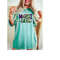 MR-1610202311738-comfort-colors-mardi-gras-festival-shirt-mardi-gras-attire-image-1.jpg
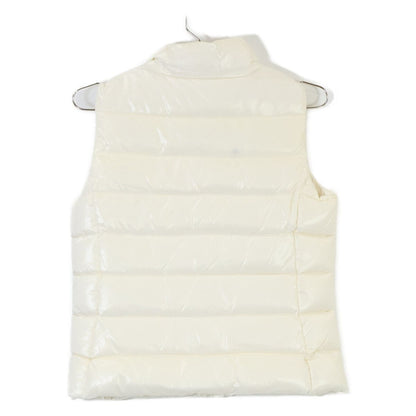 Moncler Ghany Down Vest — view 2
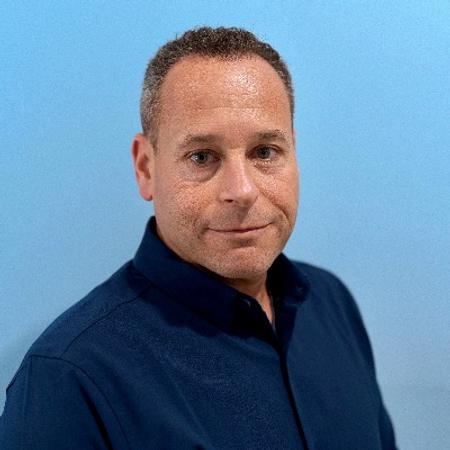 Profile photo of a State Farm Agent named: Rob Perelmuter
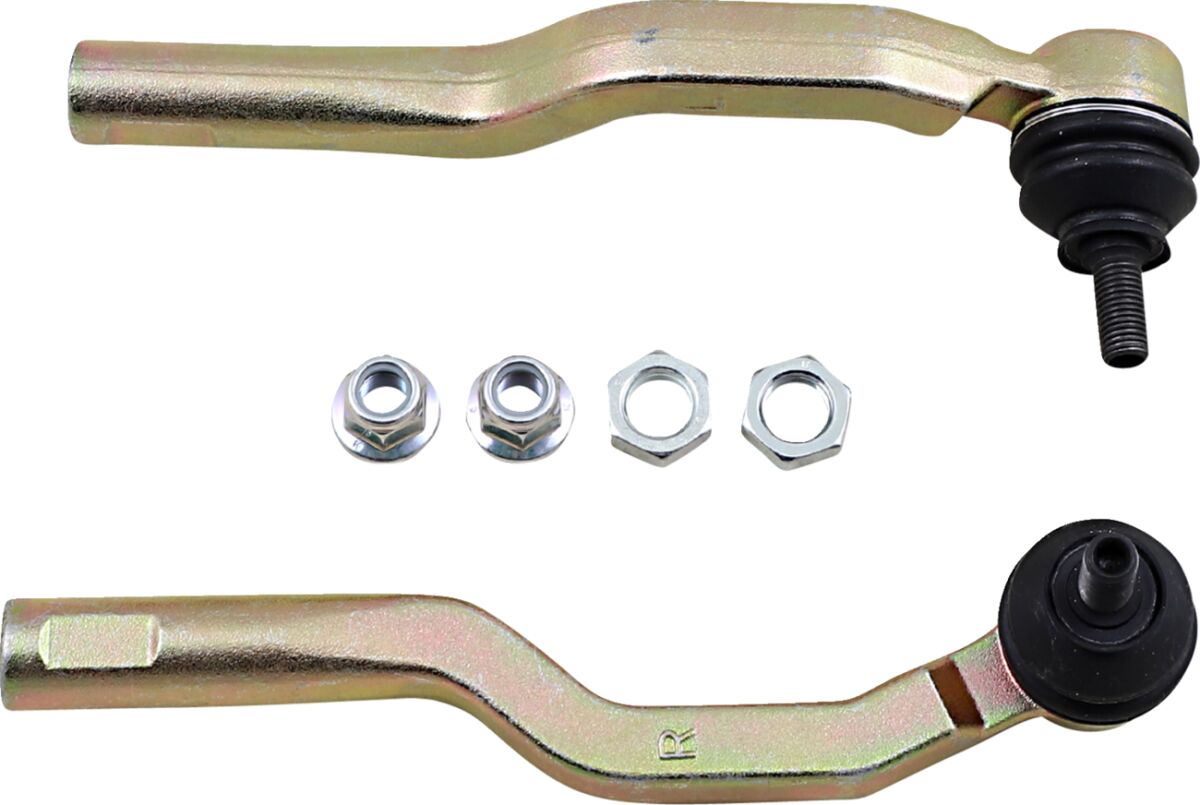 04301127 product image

---

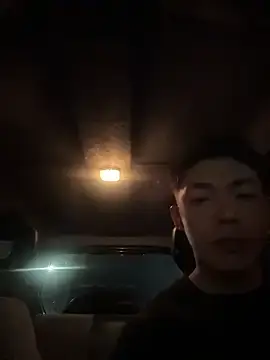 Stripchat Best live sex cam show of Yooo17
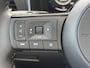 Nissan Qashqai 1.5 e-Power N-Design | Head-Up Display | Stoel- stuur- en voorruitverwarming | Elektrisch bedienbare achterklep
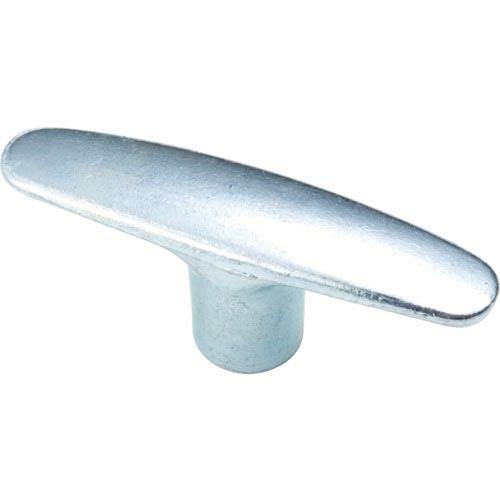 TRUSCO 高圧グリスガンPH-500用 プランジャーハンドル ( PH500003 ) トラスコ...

---

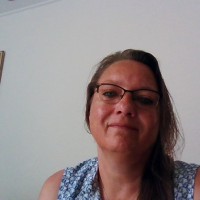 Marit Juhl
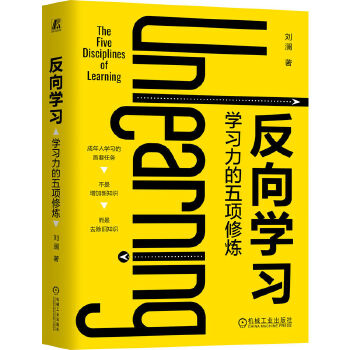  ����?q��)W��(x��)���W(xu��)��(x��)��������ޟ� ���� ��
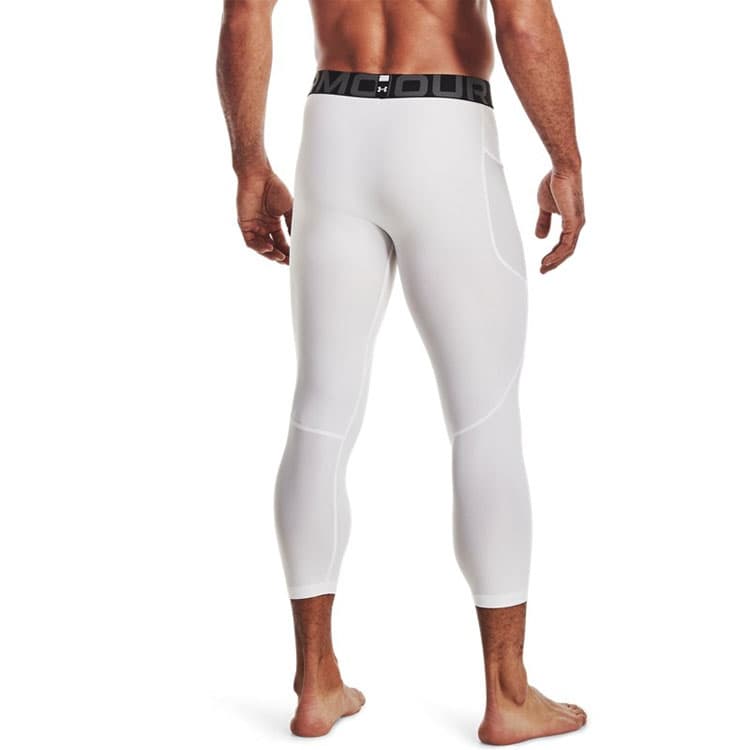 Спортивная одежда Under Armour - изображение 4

▸ **Your task**:
In the data above, find the line containing "Moncler Ghany Down Vest — view 2" and the line containing "04301127 product image". Copy exactly the stretch from the first through the second, both included, leaving out any picture.

▸ **Exercise answer**:
 Moncler Ghany Down Vest — view 2
 Profile photo of a State Farm Agent named: Rob Perelmuter
 04301127 product image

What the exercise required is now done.